With its many pictures of smiling actors, the website for Broadway’s Sea Wall / A Life is a bit vague about what’s on offer, so I’ll tell you: It’s two monologues about grief. We’re not talking about tragedy, just the dreary reality of dealing with the death of loved ones. Art can shed light on our deepest sorrows and traumas, but these two brief plays are more like glib gestures in the direction of loss.
The death theme is supposed to reveal itself only gradually, but that’s pretty much a non-starter given the format. These days when I walk into a one-man show that isn’t a comedy act, I say to myself, “I wonder who gets killed in this one?” First the British actor Tom Sturridge and then the American Jake Gyllenhaal (who appeared together in the recent Netflix supernatural art-world satire Velvet Buzzsaw) gets the stage to himself, in each case for the better part of an hour spent in confessional mode.

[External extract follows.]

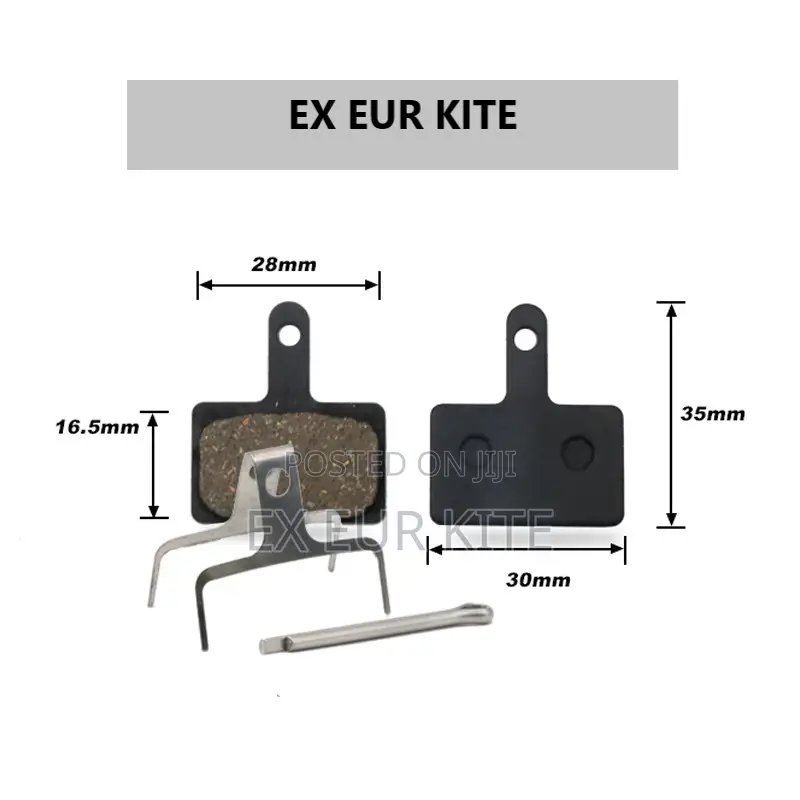 Bicycle Disk Brake Pads Semi Metallic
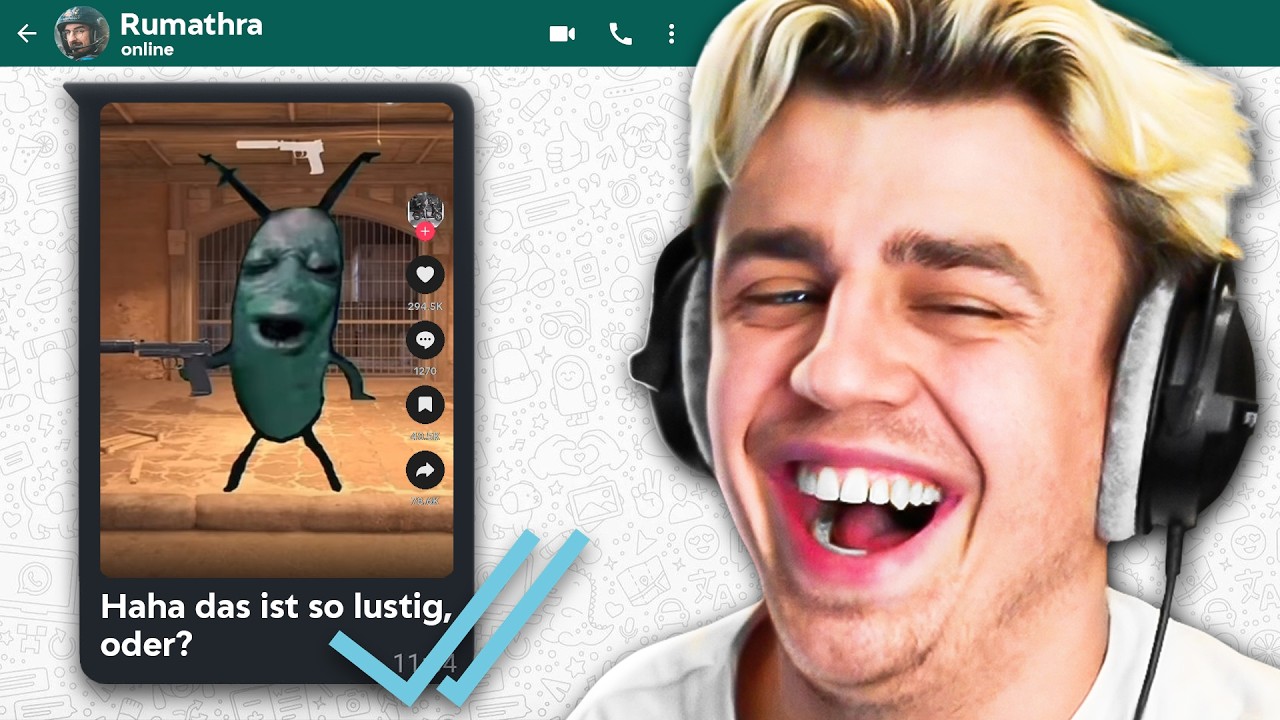 Ich hab seine TikToks 1 Jahr ignoriert, jetzt schau ich sie alle...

The first monologue, Sea Wall, written by Simon Stephens, is much the inferior work. Sturridge, playing a British commercial photographer with a charming working-class tinge to his voice, opens the play sipping a pint while sitting atop a brick wall and making eye contact with members of the audience, or seeming to. This is rare in theater, but it’s nothing more than a gimmick to establish a contrived sense of intimacy. We’re all here existing in this space together, man. Deep.

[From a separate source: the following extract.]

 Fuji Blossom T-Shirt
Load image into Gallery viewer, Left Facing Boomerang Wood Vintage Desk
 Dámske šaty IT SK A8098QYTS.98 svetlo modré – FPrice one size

Stephens’s Alex recalls the most indelible details of his relationship with his young daughter and his father-in-law, a former soldier in Her Majesty’s Armed Forces who saw grim duty in Northern Ireland and in the Falkland Islands war. In retirement he became a mentor to Alex, whom he taught to scuba-dive in the Mediterranean, near his house in the south of France. Occasionally the two men would discuss the existence of God, on which Alex is not quite sold. These conversations sound fairly excruciating, though Stephens presents them as playfully profound. Maybe, Stephens writes, God exists in the space between two numbers?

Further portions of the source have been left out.